Crashing

Sep 03, 2015 21:39

It has been busy busy day. We found lots of great bargains, while doing the shopping for the house. I am pretty excited about the store we found.

Found out our insurance is nearly doubling, from 35-65$ a month. I have no idea how we are going to make that happen, but we do not have a choice. That sure is a lot of picked up aluminum cans. We will do what we have to do, I reckon.
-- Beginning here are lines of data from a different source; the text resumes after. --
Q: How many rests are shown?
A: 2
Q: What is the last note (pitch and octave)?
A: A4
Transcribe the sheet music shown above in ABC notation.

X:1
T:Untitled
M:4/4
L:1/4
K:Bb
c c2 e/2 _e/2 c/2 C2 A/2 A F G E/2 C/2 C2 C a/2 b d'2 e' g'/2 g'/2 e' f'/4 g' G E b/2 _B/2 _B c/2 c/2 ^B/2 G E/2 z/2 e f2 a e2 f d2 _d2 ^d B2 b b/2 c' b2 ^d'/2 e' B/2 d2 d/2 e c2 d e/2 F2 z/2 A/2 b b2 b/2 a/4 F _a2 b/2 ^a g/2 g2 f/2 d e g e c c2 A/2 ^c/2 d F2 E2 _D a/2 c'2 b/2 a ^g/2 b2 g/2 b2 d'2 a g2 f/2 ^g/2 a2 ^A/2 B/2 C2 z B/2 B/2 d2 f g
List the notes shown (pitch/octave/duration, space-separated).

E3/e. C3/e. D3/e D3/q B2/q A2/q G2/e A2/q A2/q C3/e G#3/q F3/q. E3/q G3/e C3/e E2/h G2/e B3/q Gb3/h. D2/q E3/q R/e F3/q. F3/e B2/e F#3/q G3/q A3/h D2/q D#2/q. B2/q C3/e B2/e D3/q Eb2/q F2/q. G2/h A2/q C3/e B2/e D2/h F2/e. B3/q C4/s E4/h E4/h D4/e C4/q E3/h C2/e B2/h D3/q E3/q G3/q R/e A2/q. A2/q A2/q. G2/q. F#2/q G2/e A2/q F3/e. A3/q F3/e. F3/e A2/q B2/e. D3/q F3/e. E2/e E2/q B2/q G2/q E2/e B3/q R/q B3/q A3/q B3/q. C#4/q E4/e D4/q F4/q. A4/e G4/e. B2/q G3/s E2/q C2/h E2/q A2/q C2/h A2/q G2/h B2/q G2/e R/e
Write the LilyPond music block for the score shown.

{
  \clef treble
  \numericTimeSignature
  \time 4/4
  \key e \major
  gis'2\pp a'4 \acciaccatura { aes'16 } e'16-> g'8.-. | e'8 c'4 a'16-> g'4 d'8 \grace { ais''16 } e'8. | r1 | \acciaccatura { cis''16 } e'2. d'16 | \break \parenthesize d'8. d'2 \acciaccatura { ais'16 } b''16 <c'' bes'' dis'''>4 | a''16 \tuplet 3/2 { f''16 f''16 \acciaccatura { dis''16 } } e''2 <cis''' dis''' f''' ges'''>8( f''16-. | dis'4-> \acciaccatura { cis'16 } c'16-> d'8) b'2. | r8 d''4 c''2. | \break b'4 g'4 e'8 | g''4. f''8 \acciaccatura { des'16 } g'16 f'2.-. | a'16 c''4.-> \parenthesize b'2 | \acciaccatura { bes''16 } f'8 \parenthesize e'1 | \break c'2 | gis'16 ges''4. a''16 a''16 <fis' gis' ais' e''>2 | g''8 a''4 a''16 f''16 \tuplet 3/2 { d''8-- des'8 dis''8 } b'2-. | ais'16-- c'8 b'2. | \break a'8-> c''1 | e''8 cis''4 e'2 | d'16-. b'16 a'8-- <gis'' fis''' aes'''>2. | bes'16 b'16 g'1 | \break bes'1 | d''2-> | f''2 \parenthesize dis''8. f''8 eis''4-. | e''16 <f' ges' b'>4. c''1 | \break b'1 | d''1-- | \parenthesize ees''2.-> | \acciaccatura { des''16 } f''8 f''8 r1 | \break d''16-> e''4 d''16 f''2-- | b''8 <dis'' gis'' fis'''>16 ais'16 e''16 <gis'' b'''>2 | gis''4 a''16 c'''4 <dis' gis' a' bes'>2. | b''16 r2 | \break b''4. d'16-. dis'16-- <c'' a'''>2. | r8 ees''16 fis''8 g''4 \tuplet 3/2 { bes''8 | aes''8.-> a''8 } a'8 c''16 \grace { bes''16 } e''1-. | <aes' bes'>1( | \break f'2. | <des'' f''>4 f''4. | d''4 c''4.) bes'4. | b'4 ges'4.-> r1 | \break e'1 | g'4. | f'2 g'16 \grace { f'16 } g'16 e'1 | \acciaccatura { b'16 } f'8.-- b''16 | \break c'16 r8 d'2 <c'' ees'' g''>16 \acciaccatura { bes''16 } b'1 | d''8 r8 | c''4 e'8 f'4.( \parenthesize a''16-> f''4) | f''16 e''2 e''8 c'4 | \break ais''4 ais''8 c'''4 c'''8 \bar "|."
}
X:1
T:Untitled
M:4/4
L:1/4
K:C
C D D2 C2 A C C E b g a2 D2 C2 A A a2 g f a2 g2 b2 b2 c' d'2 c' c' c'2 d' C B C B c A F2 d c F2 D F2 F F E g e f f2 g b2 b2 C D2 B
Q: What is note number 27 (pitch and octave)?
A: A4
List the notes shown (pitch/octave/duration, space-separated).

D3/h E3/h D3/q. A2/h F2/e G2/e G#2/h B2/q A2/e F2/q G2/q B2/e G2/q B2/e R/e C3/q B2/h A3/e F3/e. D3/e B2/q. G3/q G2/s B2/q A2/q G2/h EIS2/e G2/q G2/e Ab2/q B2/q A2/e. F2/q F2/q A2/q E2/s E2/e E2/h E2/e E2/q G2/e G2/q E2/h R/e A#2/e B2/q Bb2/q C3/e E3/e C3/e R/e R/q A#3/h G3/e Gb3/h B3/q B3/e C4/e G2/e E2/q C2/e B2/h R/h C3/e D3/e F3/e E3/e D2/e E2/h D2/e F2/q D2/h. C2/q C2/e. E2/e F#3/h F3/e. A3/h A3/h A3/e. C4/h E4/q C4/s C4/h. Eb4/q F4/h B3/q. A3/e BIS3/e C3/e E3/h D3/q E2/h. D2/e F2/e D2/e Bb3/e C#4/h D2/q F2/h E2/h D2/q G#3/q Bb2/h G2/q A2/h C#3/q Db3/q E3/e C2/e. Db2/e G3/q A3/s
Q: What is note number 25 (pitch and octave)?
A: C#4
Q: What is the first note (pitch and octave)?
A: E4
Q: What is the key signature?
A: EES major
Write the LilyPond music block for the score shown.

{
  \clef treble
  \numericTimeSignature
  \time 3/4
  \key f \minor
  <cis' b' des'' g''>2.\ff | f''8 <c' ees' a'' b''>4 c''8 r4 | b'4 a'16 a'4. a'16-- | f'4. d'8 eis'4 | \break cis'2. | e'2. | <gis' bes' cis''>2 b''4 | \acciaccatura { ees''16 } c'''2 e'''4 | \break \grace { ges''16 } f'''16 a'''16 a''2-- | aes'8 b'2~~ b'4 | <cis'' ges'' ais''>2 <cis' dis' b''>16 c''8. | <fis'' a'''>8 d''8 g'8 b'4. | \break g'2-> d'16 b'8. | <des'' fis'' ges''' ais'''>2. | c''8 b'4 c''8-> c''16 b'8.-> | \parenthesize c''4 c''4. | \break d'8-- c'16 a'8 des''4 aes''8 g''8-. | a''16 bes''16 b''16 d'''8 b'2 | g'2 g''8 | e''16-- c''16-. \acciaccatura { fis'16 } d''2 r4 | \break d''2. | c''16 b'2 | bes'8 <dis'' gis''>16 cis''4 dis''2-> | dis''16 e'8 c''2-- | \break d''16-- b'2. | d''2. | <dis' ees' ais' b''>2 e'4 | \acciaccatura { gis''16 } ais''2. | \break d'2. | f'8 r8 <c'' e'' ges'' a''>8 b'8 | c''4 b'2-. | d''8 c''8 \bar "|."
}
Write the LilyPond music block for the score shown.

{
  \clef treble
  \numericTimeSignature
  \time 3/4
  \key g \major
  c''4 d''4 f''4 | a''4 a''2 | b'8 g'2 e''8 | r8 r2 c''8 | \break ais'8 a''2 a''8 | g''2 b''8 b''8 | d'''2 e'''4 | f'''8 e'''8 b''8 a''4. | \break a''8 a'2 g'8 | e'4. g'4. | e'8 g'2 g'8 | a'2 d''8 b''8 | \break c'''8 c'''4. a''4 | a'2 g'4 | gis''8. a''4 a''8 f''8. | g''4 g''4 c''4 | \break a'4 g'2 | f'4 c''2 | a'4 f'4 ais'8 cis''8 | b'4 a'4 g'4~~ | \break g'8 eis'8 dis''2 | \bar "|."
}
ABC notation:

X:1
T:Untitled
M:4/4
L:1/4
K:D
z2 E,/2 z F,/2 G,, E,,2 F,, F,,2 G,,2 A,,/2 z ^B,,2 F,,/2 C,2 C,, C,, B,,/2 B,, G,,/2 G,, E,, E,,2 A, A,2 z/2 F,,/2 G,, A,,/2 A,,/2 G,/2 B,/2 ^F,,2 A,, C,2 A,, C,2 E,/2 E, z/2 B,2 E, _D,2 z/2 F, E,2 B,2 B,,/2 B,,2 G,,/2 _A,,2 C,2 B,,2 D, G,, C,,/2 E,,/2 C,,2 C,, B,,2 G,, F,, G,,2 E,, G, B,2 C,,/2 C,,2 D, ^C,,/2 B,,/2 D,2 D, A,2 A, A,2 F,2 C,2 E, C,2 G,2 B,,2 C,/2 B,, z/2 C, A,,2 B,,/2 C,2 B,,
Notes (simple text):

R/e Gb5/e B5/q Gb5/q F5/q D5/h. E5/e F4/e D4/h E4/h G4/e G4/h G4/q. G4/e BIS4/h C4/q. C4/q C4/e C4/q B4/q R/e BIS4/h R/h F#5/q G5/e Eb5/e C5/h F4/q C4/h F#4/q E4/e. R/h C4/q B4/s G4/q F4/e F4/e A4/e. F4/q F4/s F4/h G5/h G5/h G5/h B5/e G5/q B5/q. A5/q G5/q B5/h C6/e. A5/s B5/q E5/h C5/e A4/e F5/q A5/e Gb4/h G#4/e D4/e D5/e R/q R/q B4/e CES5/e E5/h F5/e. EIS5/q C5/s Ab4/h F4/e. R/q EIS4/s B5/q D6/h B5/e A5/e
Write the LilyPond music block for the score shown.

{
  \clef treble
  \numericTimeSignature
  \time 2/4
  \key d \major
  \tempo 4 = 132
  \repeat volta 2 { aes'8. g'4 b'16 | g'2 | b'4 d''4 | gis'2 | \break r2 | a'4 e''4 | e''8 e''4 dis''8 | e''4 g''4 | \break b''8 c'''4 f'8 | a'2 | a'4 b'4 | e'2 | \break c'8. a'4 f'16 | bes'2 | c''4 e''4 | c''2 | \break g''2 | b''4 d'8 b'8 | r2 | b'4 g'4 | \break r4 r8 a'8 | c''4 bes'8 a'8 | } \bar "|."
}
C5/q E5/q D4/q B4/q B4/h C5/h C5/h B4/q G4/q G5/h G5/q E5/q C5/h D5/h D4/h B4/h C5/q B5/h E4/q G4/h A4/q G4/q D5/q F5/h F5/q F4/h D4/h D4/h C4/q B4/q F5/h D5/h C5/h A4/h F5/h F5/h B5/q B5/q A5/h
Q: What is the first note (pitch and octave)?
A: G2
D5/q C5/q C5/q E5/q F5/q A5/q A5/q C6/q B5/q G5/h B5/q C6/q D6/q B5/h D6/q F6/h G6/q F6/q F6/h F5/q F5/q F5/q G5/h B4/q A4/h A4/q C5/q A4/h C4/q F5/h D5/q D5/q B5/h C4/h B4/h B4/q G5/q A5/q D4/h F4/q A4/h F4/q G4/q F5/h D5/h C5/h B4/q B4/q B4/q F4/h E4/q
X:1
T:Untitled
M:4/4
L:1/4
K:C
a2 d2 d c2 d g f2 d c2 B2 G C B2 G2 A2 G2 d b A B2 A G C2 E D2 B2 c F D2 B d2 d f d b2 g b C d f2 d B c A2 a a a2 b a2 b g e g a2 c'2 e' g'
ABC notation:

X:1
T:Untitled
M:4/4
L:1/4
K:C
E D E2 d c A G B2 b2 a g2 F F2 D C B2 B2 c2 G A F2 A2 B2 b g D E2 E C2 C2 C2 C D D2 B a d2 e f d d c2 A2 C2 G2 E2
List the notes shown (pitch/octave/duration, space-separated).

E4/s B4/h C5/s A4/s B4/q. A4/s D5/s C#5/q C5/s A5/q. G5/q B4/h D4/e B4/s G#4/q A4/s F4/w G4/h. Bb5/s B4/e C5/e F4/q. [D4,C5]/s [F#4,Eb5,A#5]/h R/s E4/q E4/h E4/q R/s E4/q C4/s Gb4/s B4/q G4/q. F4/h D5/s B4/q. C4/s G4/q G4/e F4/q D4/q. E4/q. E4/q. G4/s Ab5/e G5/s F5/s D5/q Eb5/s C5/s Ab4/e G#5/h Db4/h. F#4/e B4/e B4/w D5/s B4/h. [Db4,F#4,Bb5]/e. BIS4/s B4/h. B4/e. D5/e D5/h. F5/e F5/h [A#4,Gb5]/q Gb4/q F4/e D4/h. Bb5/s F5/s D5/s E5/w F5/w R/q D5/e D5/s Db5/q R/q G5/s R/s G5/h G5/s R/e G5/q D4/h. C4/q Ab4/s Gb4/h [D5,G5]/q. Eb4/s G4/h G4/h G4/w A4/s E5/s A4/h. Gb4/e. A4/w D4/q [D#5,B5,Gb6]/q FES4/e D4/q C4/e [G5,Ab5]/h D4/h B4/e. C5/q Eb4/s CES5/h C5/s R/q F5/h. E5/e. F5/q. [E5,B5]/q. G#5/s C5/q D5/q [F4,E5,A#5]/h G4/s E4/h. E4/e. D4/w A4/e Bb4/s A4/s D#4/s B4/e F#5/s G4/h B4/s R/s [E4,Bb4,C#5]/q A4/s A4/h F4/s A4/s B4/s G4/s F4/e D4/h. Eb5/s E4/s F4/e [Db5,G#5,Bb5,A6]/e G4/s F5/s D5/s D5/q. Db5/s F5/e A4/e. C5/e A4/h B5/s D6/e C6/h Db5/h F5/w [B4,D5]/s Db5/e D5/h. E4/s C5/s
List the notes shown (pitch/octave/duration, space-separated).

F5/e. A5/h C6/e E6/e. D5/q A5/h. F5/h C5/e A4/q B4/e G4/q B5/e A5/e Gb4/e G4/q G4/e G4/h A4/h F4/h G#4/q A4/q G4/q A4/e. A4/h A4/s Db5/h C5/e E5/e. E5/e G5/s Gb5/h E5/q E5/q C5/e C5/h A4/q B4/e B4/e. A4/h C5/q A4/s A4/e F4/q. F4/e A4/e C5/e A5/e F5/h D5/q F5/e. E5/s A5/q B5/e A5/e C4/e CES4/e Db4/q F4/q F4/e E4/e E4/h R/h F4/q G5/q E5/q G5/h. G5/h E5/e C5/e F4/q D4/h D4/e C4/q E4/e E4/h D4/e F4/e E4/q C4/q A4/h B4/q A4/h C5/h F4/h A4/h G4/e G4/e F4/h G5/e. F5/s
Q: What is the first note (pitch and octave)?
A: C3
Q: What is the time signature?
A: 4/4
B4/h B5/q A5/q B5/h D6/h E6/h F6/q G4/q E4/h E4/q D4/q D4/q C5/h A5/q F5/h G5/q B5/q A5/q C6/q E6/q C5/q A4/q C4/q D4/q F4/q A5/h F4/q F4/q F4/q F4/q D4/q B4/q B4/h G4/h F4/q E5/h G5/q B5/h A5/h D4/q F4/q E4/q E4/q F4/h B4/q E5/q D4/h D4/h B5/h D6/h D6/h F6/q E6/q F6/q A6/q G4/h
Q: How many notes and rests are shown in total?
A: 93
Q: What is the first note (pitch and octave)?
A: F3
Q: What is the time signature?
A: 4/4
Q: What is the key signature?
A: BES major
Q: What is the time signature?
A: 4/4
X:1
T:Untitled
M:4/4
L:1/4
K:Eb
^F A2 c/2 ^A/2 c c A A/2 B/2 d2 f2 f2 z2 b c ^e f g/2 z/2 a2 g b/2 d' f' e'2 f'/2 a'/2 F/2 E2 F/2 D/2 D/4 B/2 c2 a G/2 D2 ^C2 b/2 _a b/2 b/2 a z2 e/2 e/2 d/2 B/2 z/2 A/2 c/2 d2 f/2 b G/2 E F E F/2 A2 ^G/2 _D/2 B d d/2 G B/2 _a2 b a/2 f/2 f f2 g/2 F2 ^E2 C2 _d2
We have an opportunity to make some money working at Hex House in Tulsa. I am eager to get the rest of the information I need. I hope to hear more soon. We really could use that money. We need it for car insurance and things for the CHAOS kids. Things are getting really scary tight. I am trying not to stress because it always works out in the end. Also, the van... I will not even mention all that the van needs. We have almost completely rebuilt that thing! It still needs stuff. I think the tire that is leaking air is under warranty though. I will cal tomorrow and find out. Granted, still cannot even take it in for repair/ replacement until we make it to Tulsa next. I have no idea when that will be, unless the Hex House thing works out. I am feeling pretty negative at the moment though, so I am not holding my breath.

As I was sitting here looking at Facebook I feel myself beginning to just crash down in a spiral. I am feeling kind of down on myself for not getting in a workout of some kind today. There just simply was not enough time in the day. I did walk a whole lot as we did shopping. I suppose that is something. I did not log the walking on my fitness pal because it seems so minimal. I suppose I should though if I want an accurate log of stuff, for my comparison, this month.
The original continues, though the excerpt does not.